Welcome to the 15 April Warehouse & Logistics News. We hope you had a good Easter break. To ease you back into the working mood, in our scheduled features we look at Power Sources, covering all aspects of motive power in the warehouse and logistics environment, including batteries, LPG and engines, and Order Picking, taking in pickers, pick to light and voice picking.

Voice picking technology certainly delivers results. In our Order Picking feature Ronan Clinton, the Heavey RF Group’s Chief Executive points to customers enjoying 600% increases in accuracy, 95% improvements in productivity rates and huge gains in pick speeds, resulting in a return on investment within a year of implementation.

Voice-directed order picking has enjoyed a rise to prominence over the last 25 years or so similar to other hugely successful technologies before it such as cars, TVs, personal computers and mobile phones. These technologies’ enduring success becomes almost inevitable because once implanted in our lives, in Ronan Clinton’s words they become ‘useful, beneficial and utterly indispensable.’ Adoption drives competition between suppliers, and this in its turn drives innovation and enhancement, a stage voice is currently thriving in.

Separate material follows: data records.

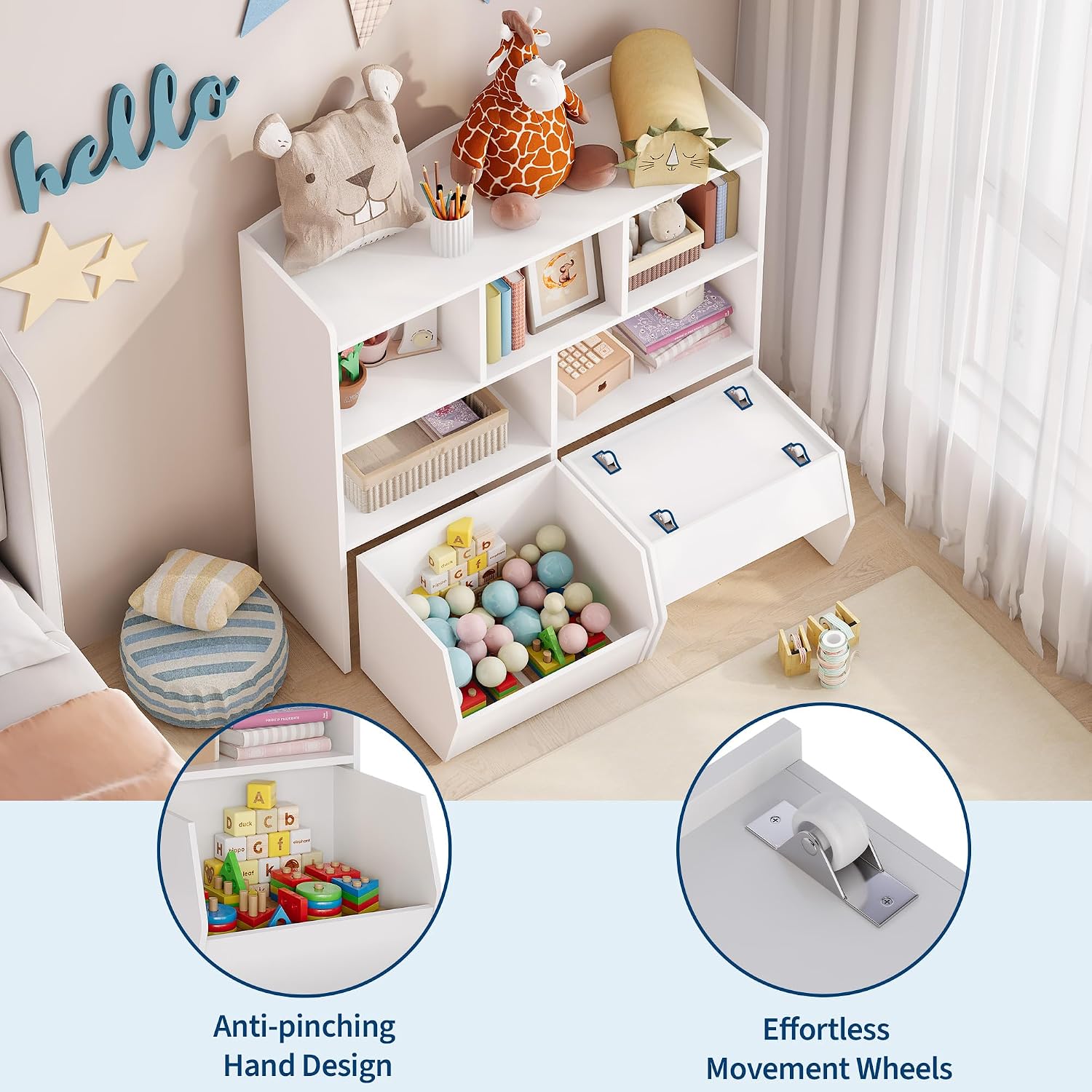 IDEALHOUSE Toy Storage Organizer with Movable Drawers, Kids Bookshelf with Hidden Wheels and 5 Open Cubbies, Multifunctional Storage Cabinet Chest for Playroom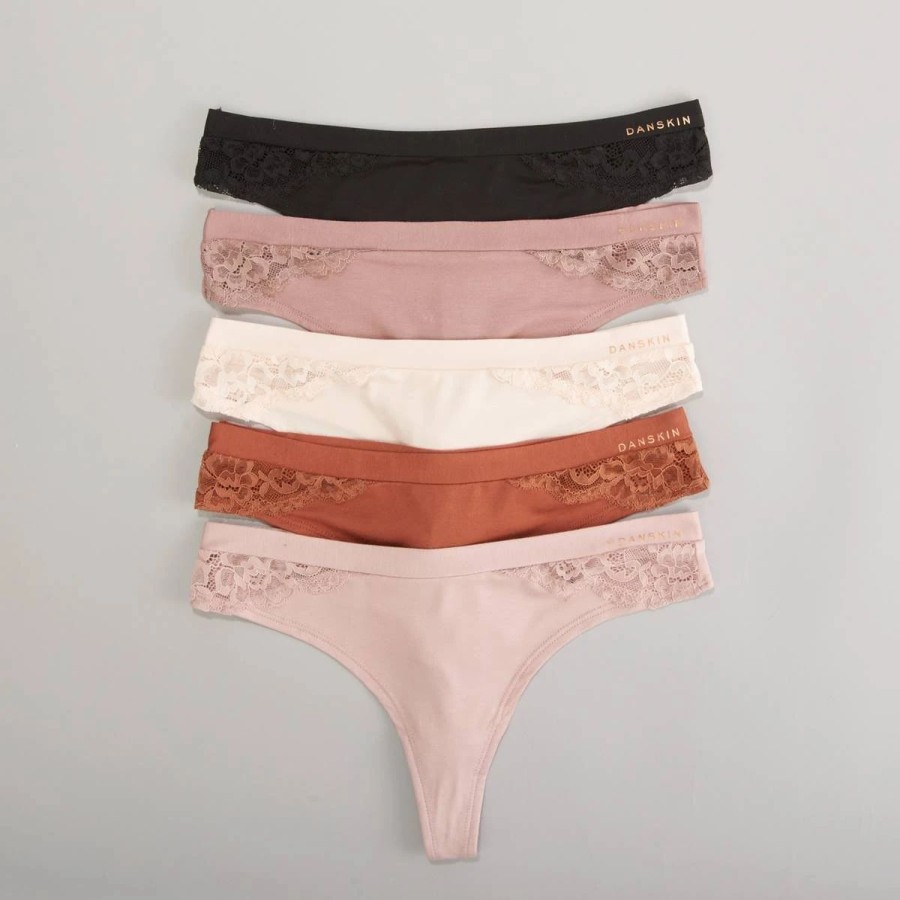 Underwear * | Underwear Womens Danskin 5Pk. Spandex/Lace Thong Panties Ds3019-5Pkn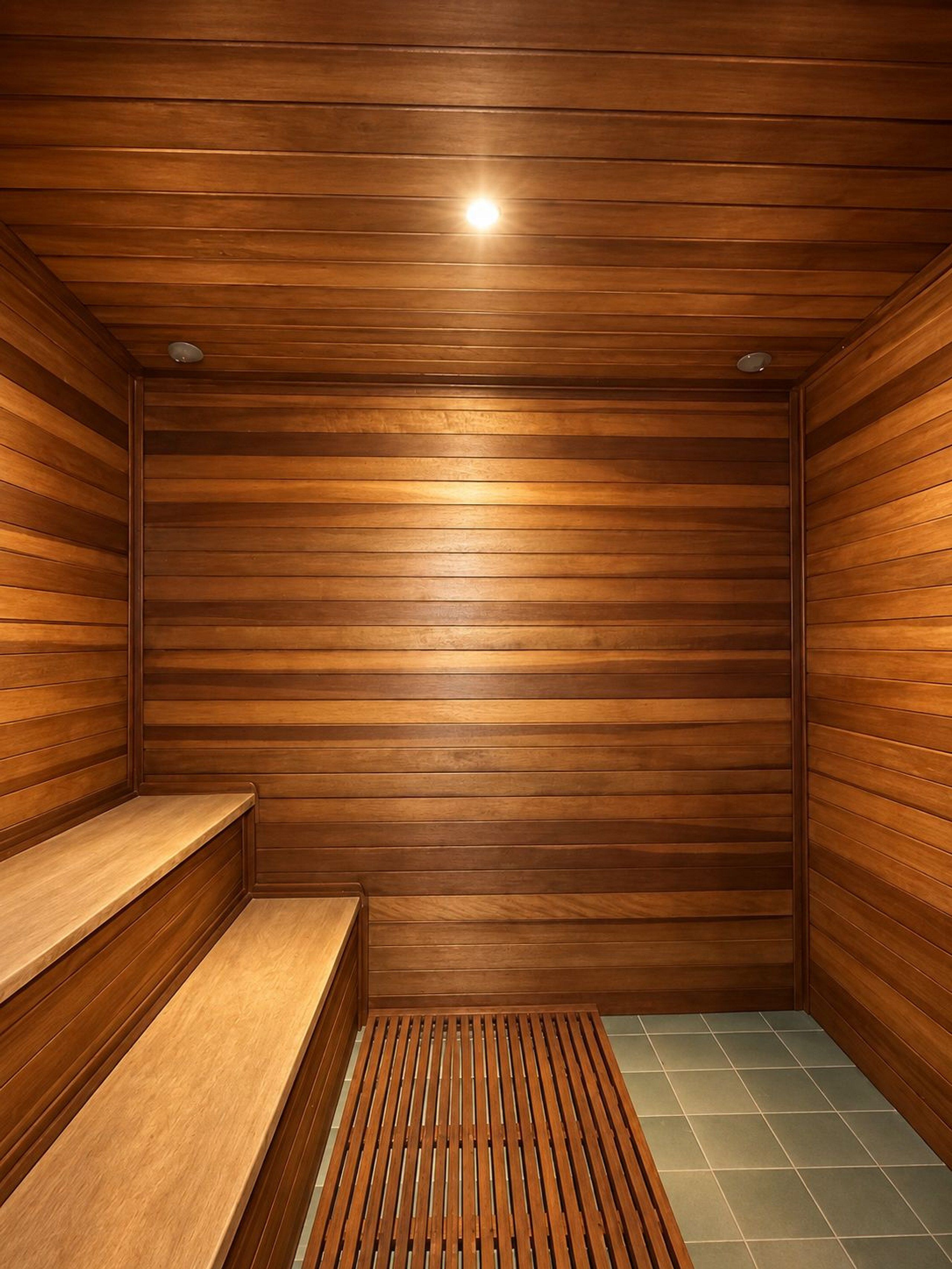A sauna room with wooden walls and benches.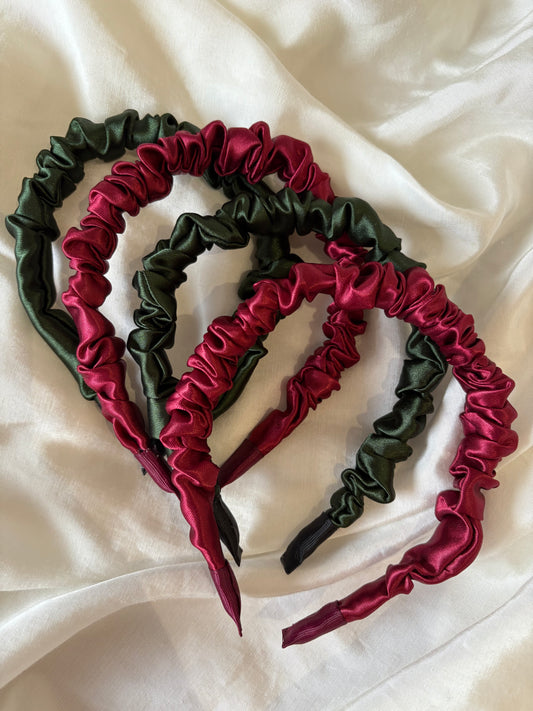Haarreif Satin Grün & Bordeaux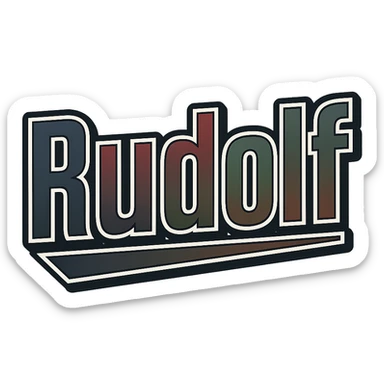 Text image of the name 'Rudolf' in a masculine, modern, gradient font with precise Hungarian characters, dark contour, extra thick, prominent white border as in sample images, dynamic slanted underline, masculine color shades (blue, gray, burgundy, green, brown), 1000x1000 px, PNG, transparent background. sticker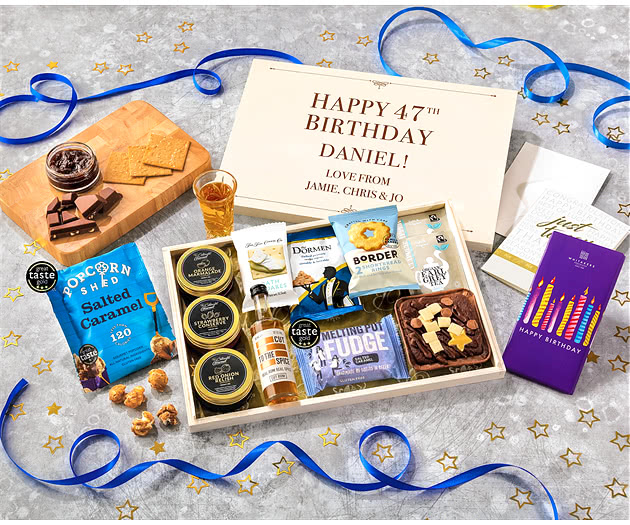 Birthday Tea Time Cake, Chocolate & Nibbles Letterbox Hamper With Spiced Rum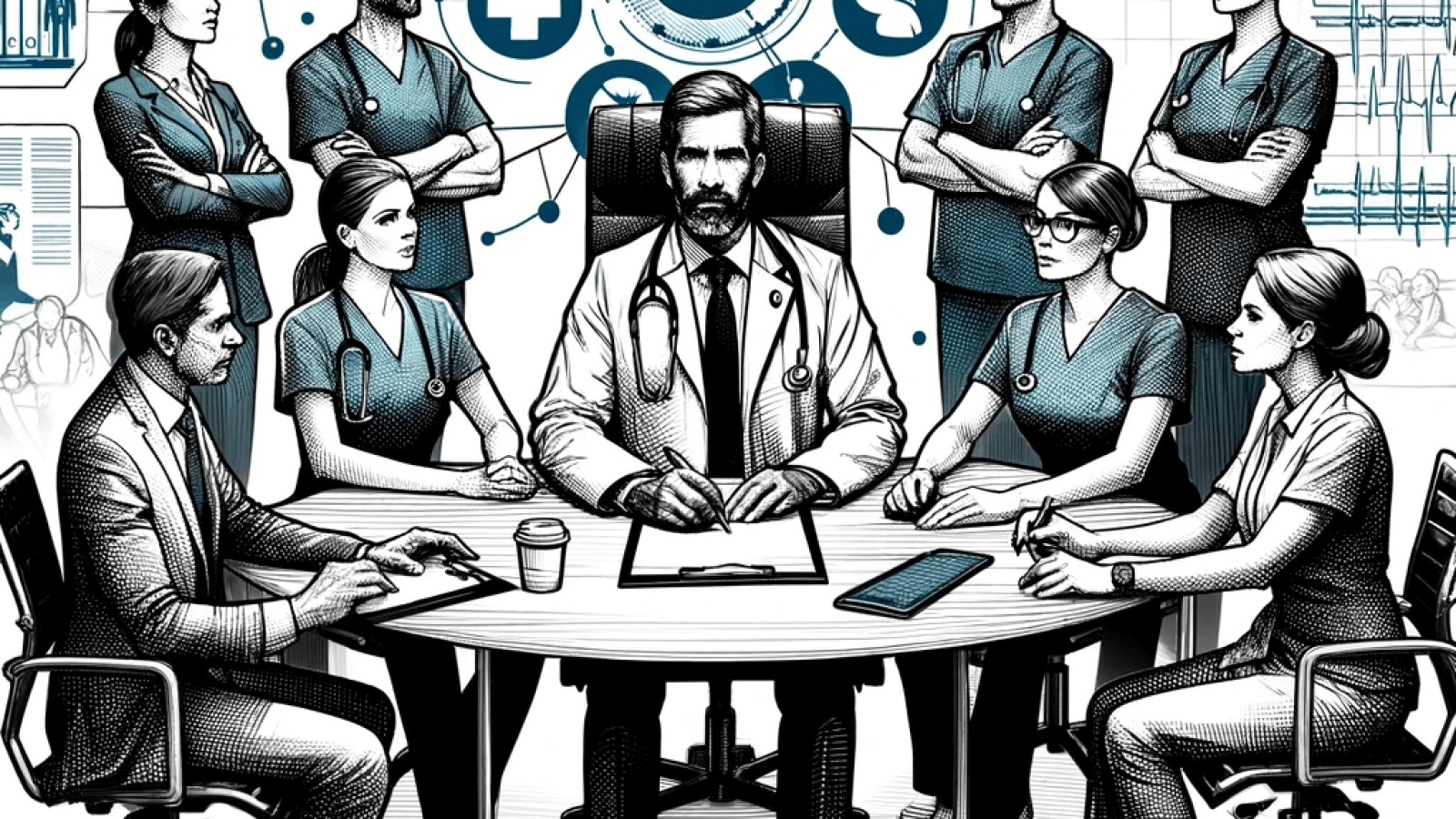 DALL·E 2024-01-31 12.57.14 - A professional drawing illustrating the concept of team-based medical care. The image features a central figure of a physician in a leadership role, s (1)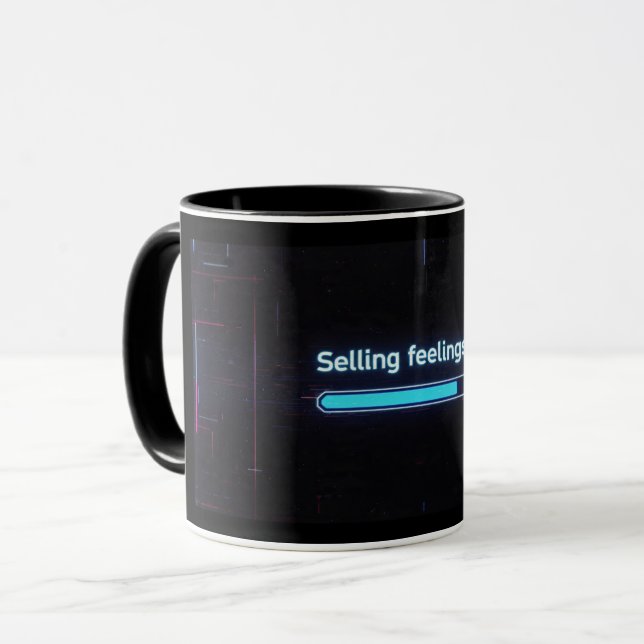 Sålda känslor Laddningslist Rollig AI Krypto Mugg (Framsida vänster)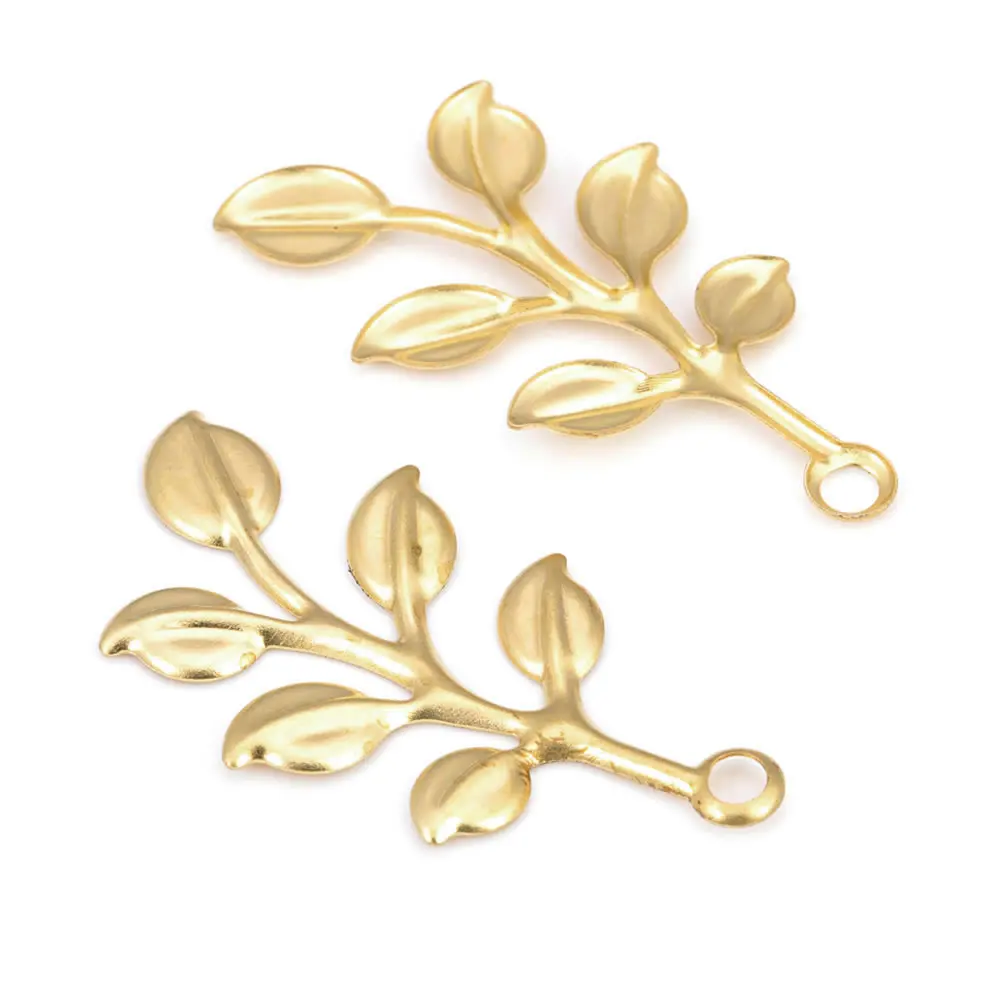 20PCS Not plated color Brass Tree Leaves Charms Pendants High Quality Diy Jewelry Making Supplies Earrings Accessories for Women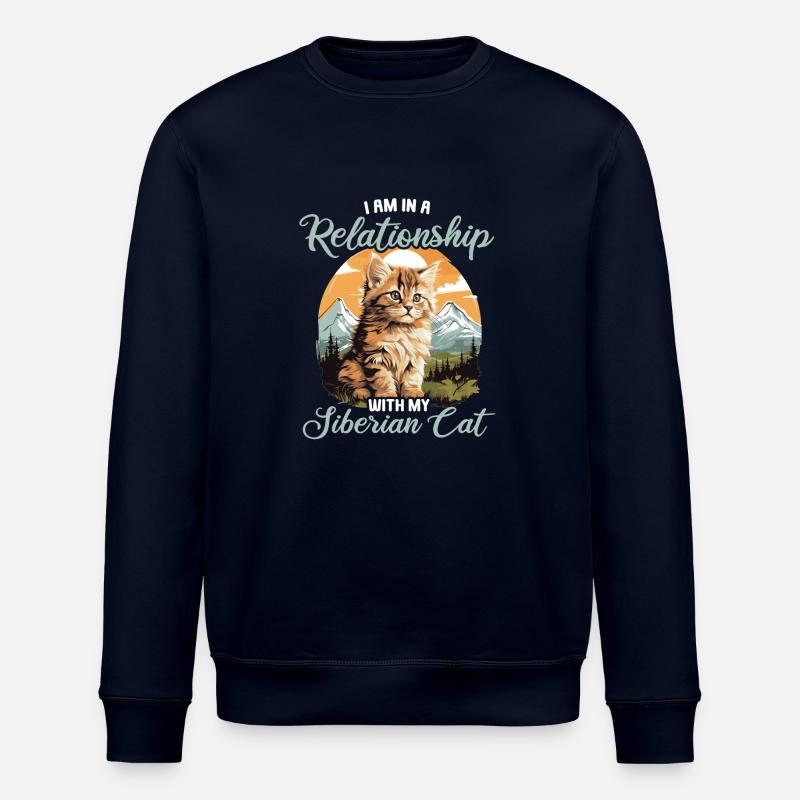 Chat Sibérien Sibirische Katze - Sweat bio ROLLER Stanley/Stella Unisexe - marine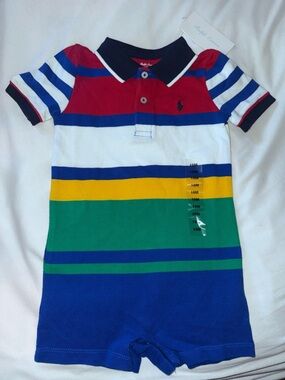 Ralph Lauren Multicolor Stripe Polo Romper in Red, Blue, White, Yellow, Green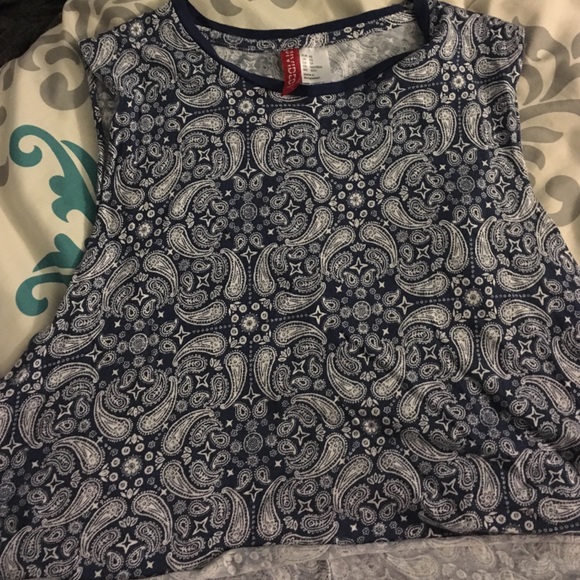 Blue tank crop top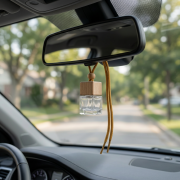 Auto-Diffusor zum Aufhängen am Rückspiegel mit Holzdeckel und Glasflakon in Anwendung im Fahrzeug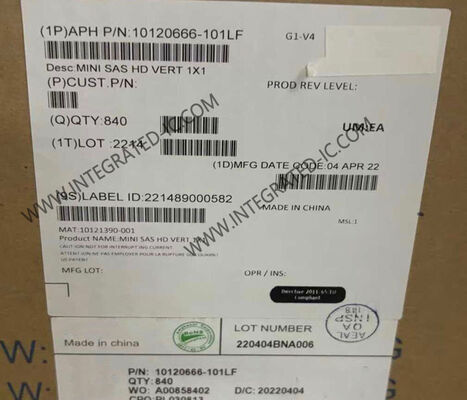 10120666-101LF ミニ-SAS HDコネクタ 16 位置 6 Gb/s と 12 Gb/s データレートとゴールドコンタクト仕上げ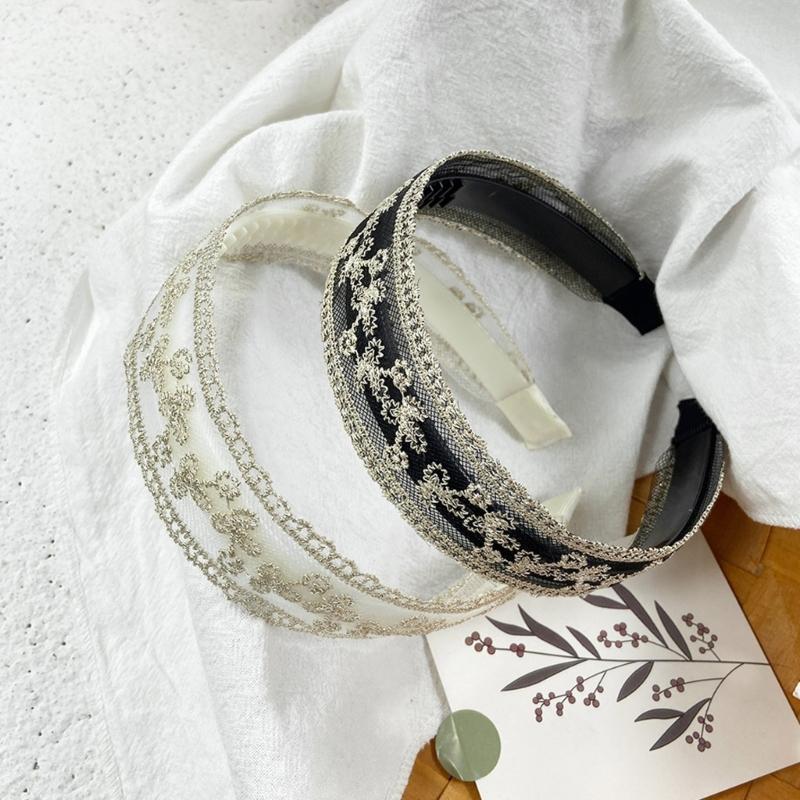 French Lace Wide Elegant Embroidered Tulle Hairband Slip Grip for Women Girls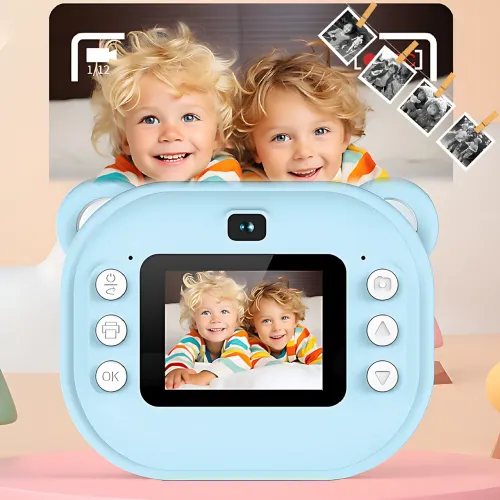 Детская цифровая камера мгновенной печати Children's Printing Camera Y600, 2 камеры, детская камера, розовый Голубой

If your vision of voice technology’s capabilities is teams of order pickers in headsets running round warehouses picking stock from the pick face as directed by a computer, it seems that’s only part of the story.

Towards the end of the article Ronan Clinton warns that right now we need to be careful not to try to implement technology for technology’s sake. Fair enough. But in the future we can expect that voice solutions will provide the most up to date, accurate information, allowing operations to enjoy the best performance and flexibility. Without being too fanciful, it’s likely the software will also be able to analyse which practices work best and drive those practices out to all members of the workforce.

Meanwhile if you’re looking for some good news right here, right now, the British Chambers of Commerce reports the UK economy showing signs of improvement in the first three months of this year, with both domestic orders and exports up on the previous quarter.

Last month the OECD expected our economy to contract at the start of 2012, taking us back into recession. But that was followed by reports suggesting UK manufacturing grew in March at its fastest rate for 10 months, an encouraging sign that the economy could return to growth in the first quarter. It’s clearly time to be positive!